Karena ini ada di luar wilayah urban (perkotaan), perkiraan penyebab tempat rame nomer 1 dan 2 jadi kurang nyambung; dan memang nggak ada dua hal tersebut di Tebing Keraton. Trus apa dong? Poin ke 3, mungkin belum ada film yang syuting di sini (tapi bisa aja nanti ada) dan yang ke-4 belum banyak informasi yang gua dapetin soal hal itu.

Oke, jadi apa yang ada di Tebing Keraton? Objek wisata yang juga masih bagian Taman Hutan Raya (Tahura) Ir. H. Djuanda ini punya tebing (sesuai namanya) yang bagus banget, juga suasana alamnya. Karcis masuk Tebing Keraton seharga Rp. 10.000 dan karcis asuransinya yang seperlima harganya. Total siapin Rp. 12.000 buat nikmati Tebing Keraton. Tarif parkirnya, Rp. 5.000 buat sepeda motor, dan dua kalinya buat mobil.


Di pusat Tebing Keraton ada tugu, atau monumen dari batu yang cukup menarik perhatian. Ada puisi yang kata-katanya diukir di plakat batu itu.


 
ini puisinya

Udara kerasa sejuk di area wisata ini. Akses dari satu tempat ke tempat lainnya pake jalan setapak yang kiri-kanannya ditemenin pepohonan. Ada menara yang bisa dipake ngeliat lebih tinggi pemandangan dengan sudut pandang 360 derajat. 


pemandangan dari menara

Sajian utama yang ada di sini tentu aja pemandangan alam dari tebing yang namanya dijadiin area ini. Rasanya kayak ada di alam bebas begitu liat pemandangannya, meskipun sebenernya ramai sama pengunjung lain. Liat ke depan, ada bukit dan hutan, liat ke bawah ada sawah, bebatuan besar, sama sungai. 

 



rambu peringatan yang ngingetin pengujung supaya berhati-hati

Tebingnya memang bagus, tapi juga curam & agak licin.

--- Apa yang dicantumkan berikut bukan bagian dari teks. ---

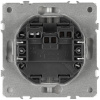 Переключатель Эра Galaxy 15-1106-08 двойной 10АХ-250В IP20 белый матовый Б0070706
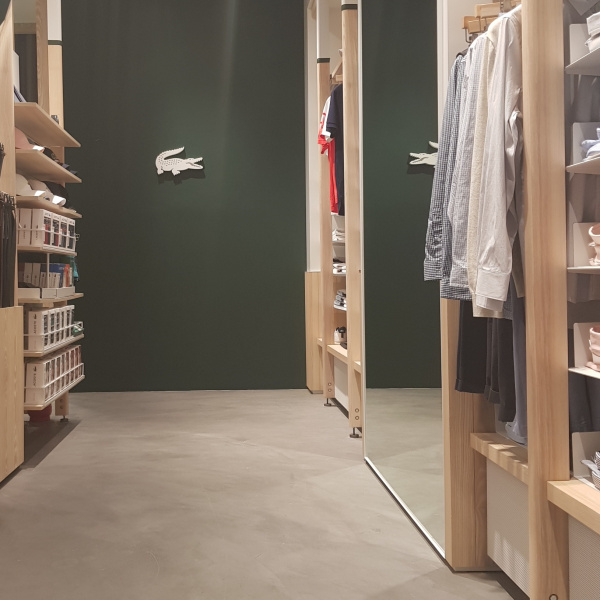 Lacoste Ausstellungsraum - Korea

Meskipun sebenernya nggak disaranin, banyak pengunjung lewatin pagar pembatas biar bisa nurunin tebing yang curam itu. 



Buat yang suka menjelajah / trekking, mungkin biasa aja; tapi tetep harus hati-hati. Bebatuan di sini ujungnya agak tajam dan hampir nggak ada alat pengaman. Jurang dibawahnya nggak suka sama pengunjung yang nggak berhati-hati.


dari bawah

Sebagai catatan, Tebing Keraton baru buka antara jam 10 pagi dan 5 sore. Jangan telat atau kepagian ya. Bener kan, buat yang tinggal di perkotaan kangen sama suasana kayak yang ada di Tebing Keraton?